Bild: Rechts sehen Bundesadler und -innenminister keine Gefahr
Dutzende verletzte Polizisten, terrorisierte Bürgerinnen und Bürger, die
von Glatzen durch die Straßen gejagt werden, antirassistische
Aktivistinnen, die vor einem rasenden Mob die Flucht ergreifen müssen, und
von regelrechten Plünderungsaktionen betroffene Ladenbesitzer: Das
Erschrecken über die „Hooligans gegen Salafisten“, die sich am Sonntag in
Köln ins Bewusstsein der Deutschen geprügelt haben, hat die ganze Woche
über angehalten.
Doch es war ein Erschrecken auf Krimileserniveau. Denn schon am Tag nach
dieser finsteren Demo wurde alles unternommen, um das Geschehen zu
entpolitisieren.
Dass da vor dem Hauptbahnhof eine der größten ausländerfeindlichen
Manifestationen in der Geschichte der Bundesrepublik stattgefunden hatte,
war den Ordnungspolitikern im Land keine Erwähnung wert. Es sei den
Hooligans einzig um das Ausleben ihrer Gewaltfantasien gegangen, sagte
Bundesinnenminister Thomas de Maizière. Ein Rassismusproblem wollte er
nicht sehen. Am Ende steht seine Version des Gewaltphänomens Hooliganismus.

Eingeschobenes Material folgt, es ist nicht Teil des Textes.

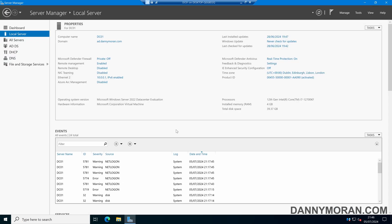So that is how to use the effective access feature to see what permissions specific users and groups have over specific Active Directory objects.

De Maizière mag ja recht haben, wenn er sagt, dass die Hooligans ihr
Engagement gegen Salafisten nur als Vorwand benutzt hätten. Doch seine
Schlussfolgerung, dass es den Männern nur um eine geile Prügelei gegangen
sei, die sollte man so nicht stehen lassen. Es ging ihnen darum, ihrem
Ausländerhass, ihrem Rassismus freien Lauf zu lassen.
## Nationalismus kein Thema
Die Böllerschüsse, das Umkippen des Einsatzwagens der Polizei, die Tritte
und Boxeinlagen können nicht losgelöst von den Parolen betrachtet werden,
die da gerufen wurden. Doch das „Deutschland den Deutschen“, das auf dem
Bahnhofsvorplatz gegrölt wurde, war schnell kein Thema mehr.

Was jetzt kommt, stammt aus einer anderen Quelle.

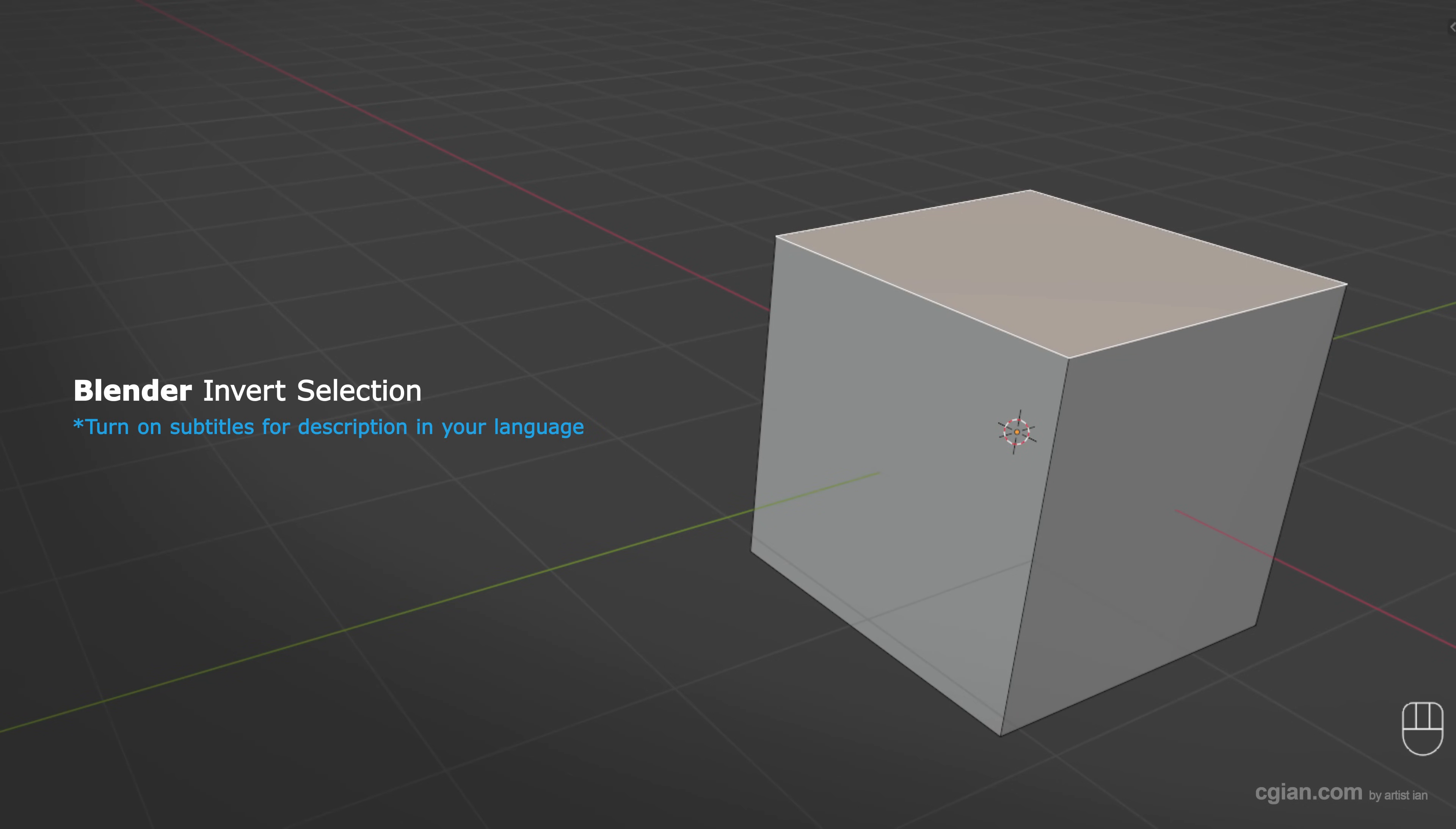Hello, I'm CG again. This is a quick video to show how to make invert selection in Blender.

Verwunderlich ist das nicht. Würde ein Thomas de Maizière ernst nehmen, was
da aus dem sicheren Schutz der 4.500-Leute-Menge abgesondert wurde, ihm
bliebe nichts anderes übrig als zuzugeben, dass sich nicht viel geändert
hat in den deutschen Behörden, seit das Versagen der staatlichen
Organisationen im Umgang mit dem rechten Terror des NSU publik geworden
ist. Was am rechten Rand der Gesellschaft passiert, wird immer noch
routinemäßig verleugnet.
Die Worte der Entschuldigung, die Bundeskanzlerin Angela Merkel an die
Angehörigen der Opfer des NSU richtete, mögen ehrlich gewesen sein. Folgen
hatten sie keine. Wo bleibt er, der viel beschworene Kulturwandel in den
Sicherheitsbehörden? Wo bleibt die Sensibilität der Geheimdienste bei den
Themen Rechtsradikalismus und Rassismus?
Diesen Fragen hätte sich der Innenminister stellen müssen, hätte er die
Geschehnisse von Köln politisch interpretiert. Weil er sich um die
Antworten drückt, ist aus einer rechten Großdemonstration so etwas wie eine
erweiterte Wirtshausschlägerei geworden. Und bei derartigen Einsätzen gegen
angetrunkene Gewalttäter verletzen sich schon mal ein paar Beamte. Eine
dummdreiste Lesart der Geschehnisse ist das.
## Tausend gute Gründe
Mehr als 40 zum Teil schwer verletzte Polizisten waren für
Nordrhein-Westfalens Innenminister Ralf Jäger nicht genug, um
festzustellen, dass Deutschland ein Problem mit rechter Gewalt hat.
Stattdessen hat er nichts Besseres zu tun, als das Motto der Veranstaltung
zu interpretieren und festzustellen, dass die Menschen in Deutschland die
Bedrohung durch salafistische Dschihadisten sehr ernst nehmen.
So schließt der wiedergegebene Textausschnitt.